5/11/99

Ambassador David L. Aaron
International Trade Administration
U.S. Department of Commerce
Washington, D.C. 20230

Dear Ambassador Aaron:

In response to the Department of Commerce's recent release of newly revised Safe Harbor Principles, Frequently Asked Questions and your subsequent briefing on May 7, 1999, the Associated Credit Bureaus(1) provides the following comments.

We appreciate your efforts to bring consensus to this complex trade issue; however ACB members continue to share a serious concern about the very nature of the EU Directive on Data Protection, which takes a one-size-fits-all approach to privacy law. Our members believe that the U.S. economy enjoys many benefits resulting from its current approach to data privacy. Market place dynamics, contracts, sectoral and common law, and, most importantly, industry self-regulation provide a flexible, balanced and fair privacy protection system that benefits consumers, business and the economy.

Our members are equally concerned about the use of Frequently Asked Questions as a means to amplify by example how the Safe Harbor Principles work for different types of information. Ultimately, the FAQs become an ill-defined extension of the Safe Harbor and, for the sake of some hoped-for clarity; they unintentionally lead to a more inflexible, less responsive data protection regime.

For a number of more specific reasons as outlined below, we propose that continuing negotiations on the Safe Harbor Principles be tied to resolving questions about the FAQs, or that negotiations on FAQs should continue beyond an agreement on the Safe Harbor Principles, themselves.

· First, there is debate about the ultimate value of the FAQs. It may be decided that this component of the trade negotiation should not be brought to conclusion.

· Further, the weight to be given the FAQs in the trade negotiation is not an easy question to answer, particularly since some sets of FAQs have just been released within the past month.

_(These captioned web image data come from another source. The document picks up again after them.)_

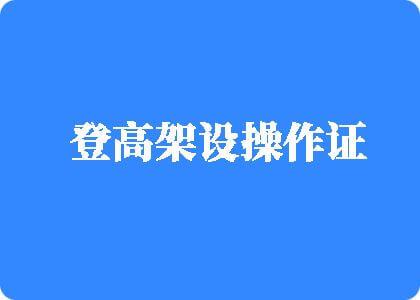 骚鸭AV登高架设操作证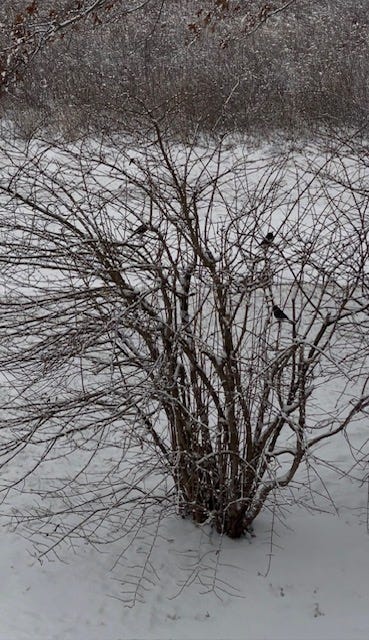 Three birds in a bush during a winter storm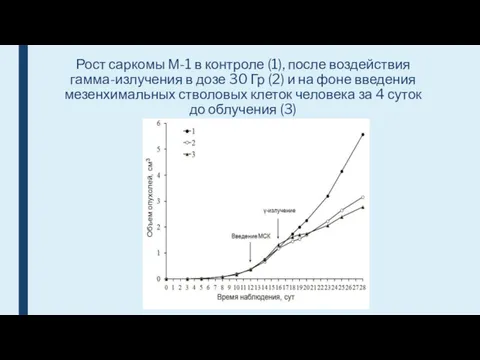 Рост саркомы М-1 в контроле (1), после воздействия гамма-излучения в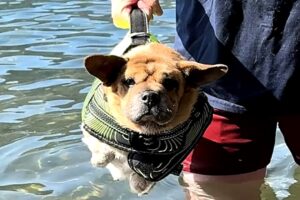 Dog may be one in a million...literally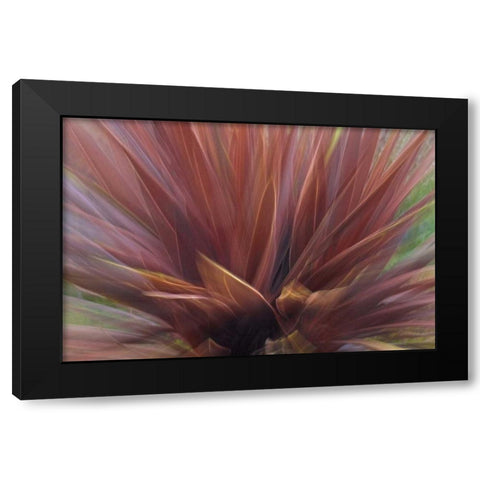 USA, Oregon, Portland Abstract of red flax plant Black Modern Wood Framed Art Print by Terrill, Steve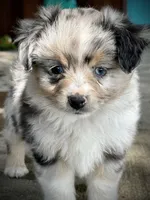 Blue Merle Female 2 , a female Miniature Australian Shepherd and Toy Australian Shepherd for sale in Tolar, TX – 4 of 6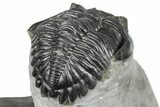 Cluster Of Three Trilobites (Hollardops & Austerops) - Ofaten, Morocco #365714-14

· Phrases in the FAQs raise compliance questions, such as charging a fee that isn't "excessive" for disclosure. Or, ensuring that a response to a request is provided "without delay and within a reasonable time." Our thirty years' of experience with similar phrases in U.S. laws reveals that such phrases are vague and thus conflict with the premise that the intent of the FAQs is to add clarity.

· It is unclear how disputes over interpretations of FAQs would be resolved. If the understanding of the FAQs isn't harmonized between the EU member countries, then the FAQs create more layers of negotiations.

· Concerns about specific FAQs are unresolved. For example, our members are concerned about the FAQ on Access, which imposes the possibility of tremendous costs, where access is controlled by the concepts of expense and burden. It is unclear how these concepts provide protection for consumers, where such information isn't used for significant decisions, or isn't likely to be harmful to or considered sensitive by the consumer. Our members support access to sensitive data, such as consumer reports. We do not believe that access to general lists with names and addresses is warranted in light of the expenses involved.

It is our current view, for the reasons discussed above, that the Safe Harbor Principles are best applied by U.S. firms on a sector-by-sector basis without FAQs.

Regarding current U.S. law, our members are regulated by the Fair Credit Reporting Act (15 U.S.C. 1681 et seq.), which was enacted in 1970. The FCRA is likely the oldest privacy law in the U.S., if not the world. It has worked effectively in maintaining a balance between individual privacy concerns and the flow of information necessary for an information economy to function effectively. Congress spent eight years refining proposals to amend the law, resulting in the 1997 amendments, which changed the scope of the law by adding additional significant consumer protections. ACB and its members are concerned that the phrasing of the current Safe Harbor proposal does not ensure that the FCRA is a "law that effectively protects personal data privacy" as stated in the preamble to the principles released April 29, 1999. Any negotiated agreement with the European Union should state clearly that the Fair Credit Reporting Act provides adequate data protection. This is a matter of recognizing sovereignty of a robust U.S. privacy law.

In closing, we urge the Department of Commerce to be aggressive in communicating that this negotiation isn't an endorsement of the Directive on Data Protection. The Safe Harbor is a bridging between US private sector practices and European law that comes from a different legal tradition and experience set. It is this very fact that makes it a difficult effort to explore how to work with a rigid regime of data protection that in all likelihood will continue to contribute to constraining the growth of a true service economy and which is in fundamental conflict with our balance between market forces and consumer protection. We must state more strongly that the Safe Harbor and FAQs are not an appropriate model for domestic law or regulation.

Sincerely,

Stuart K. Pratt
Vice President
Government Relations

 1Associated Credit Bureaus is an international trade association representing more than 1000 small and large businesses including credit reporting agencies, mortgage reporting companies, tenant and employment screening agencies as well as third-party debt collection firms. More information on our association is available by visiting our web site at www.acb-credit.com.